Background information
- Birth name: Francis Henry Gardner
- Born: August 14, 1903 Joliet, Illinois, U.S.
- Died: November 26, 1957 (aged 54) Dallas, Texas, U.S.
- Genres: Jazz
- Instruments: Piano

= Jack Gardner (musician) =

American jazz pianist (1903–1957)

Francis Henry "Jumbo Jack" Gardner (August 14, 1903 – November 26, 1957) was an American jazz pianist.

== Career ==
Gardner played locally in Denver in the early-1920s, including with Doc Becker's Blue Devils and Boyd Senter's band.
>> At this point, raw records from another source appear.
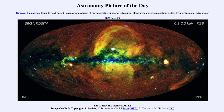So that was our picture of the day for June the 23rd of 2020, titled 'The X-ray Sky from eROSITA.' We'll be back again tomorrow for the next picture, previewed to be 'Inverted Cloud City.' So we'll see what that is about tomorrow. Until then, have a great day everyone, and I will see you in class.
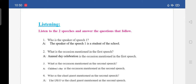Now there are some questions. I have already answered them — write in your textbook or notebooks. First question: who is the speaker of speech 1? The answer is: the speaker of speech 1 is a student of the school.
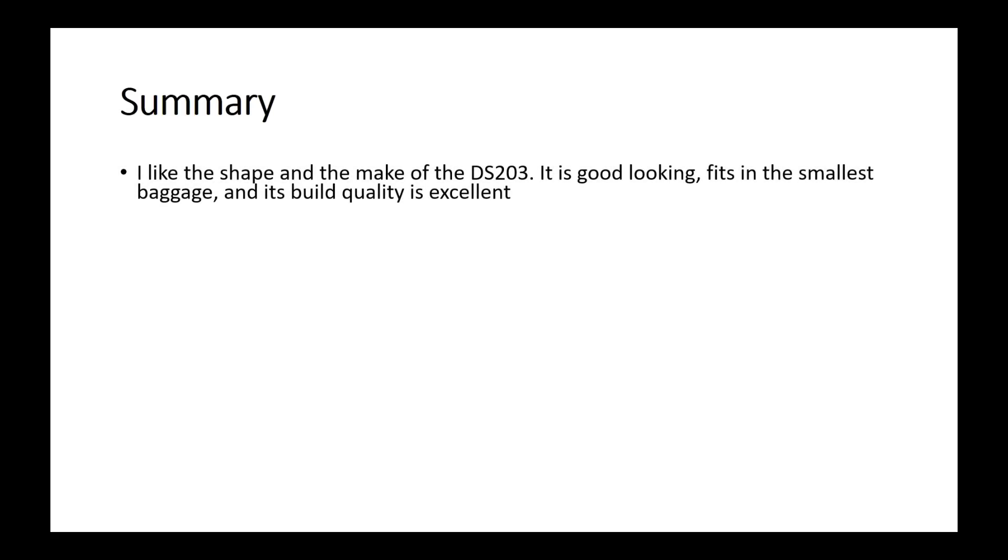So, summarized, I like the shape and the make of the DS203. It is a really good-looking small device, and it fits also in the smallest baggage. Its build quality is excellent.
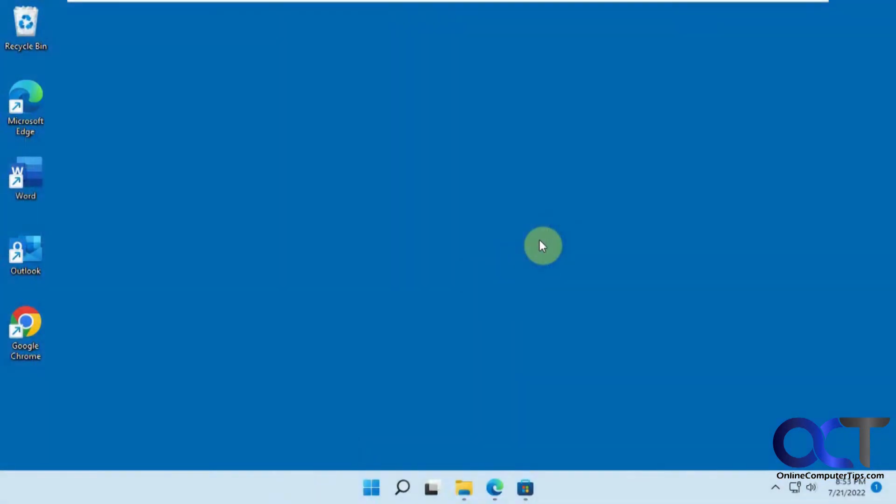Hi, in this video we're going to show you how to make your start menu and taskbar black in Windows 11 while keeping all your apps at the light mode.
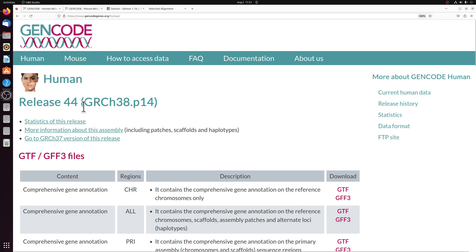We're going to start by downloading the reference files that we need, and I'm going to be using GenCode, which is a manually annotated and easy to use reference database.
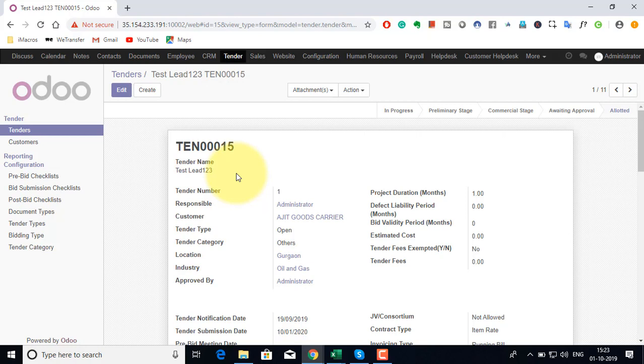Additional features which I have not demonstrated in this video also includes where we would be able to raise a request and create an invoice for the earnest money deposit. There could also be cases of bank guarantee. We will cover this when we manage earnest money deposits, tender fees and bank guarantees in accounting section of construction industry CRM demo.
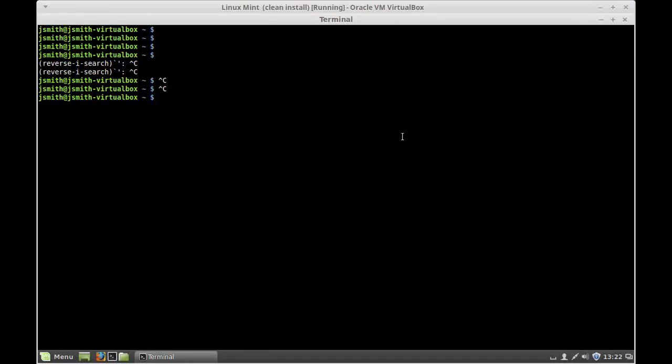Hello guys, welcome to another Linux tutorial. Today I'm going to show you how to change your Linux hostname.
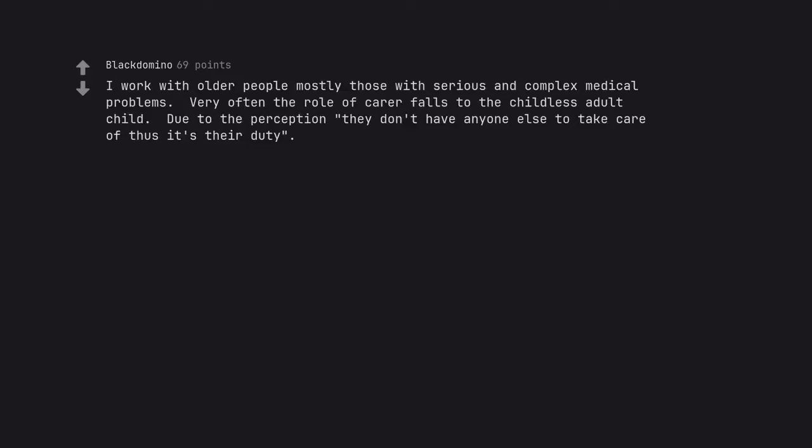Every tax refund season. I work with older people mostly those with serious and complex medical problems. Very often the role of carer falls to the childless adult child. Due to the perception they don't have anyone else to take care of, thus it's their duty.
He moved to Chicago in 1923, where he led his own band in addition to playing with musicians like Wingy Manone, Jean Goldkette, and Gene Austin. He remained in Chicago through 1937, playing with Jimmy McPartland in 1936. Moving to New York City, he began associations with Sandy Williams's orchestra and Harry James, but returned to Chicago early in the 1940s, where he led his own group. In 1944, he recorded with Baby Dodds. He spent much of his later life playing in Dallas, Texas, where he died in 1957.

Gardner's compositions include the song "Bye, Bye, Pretty Baby," co-written with George Hamilton.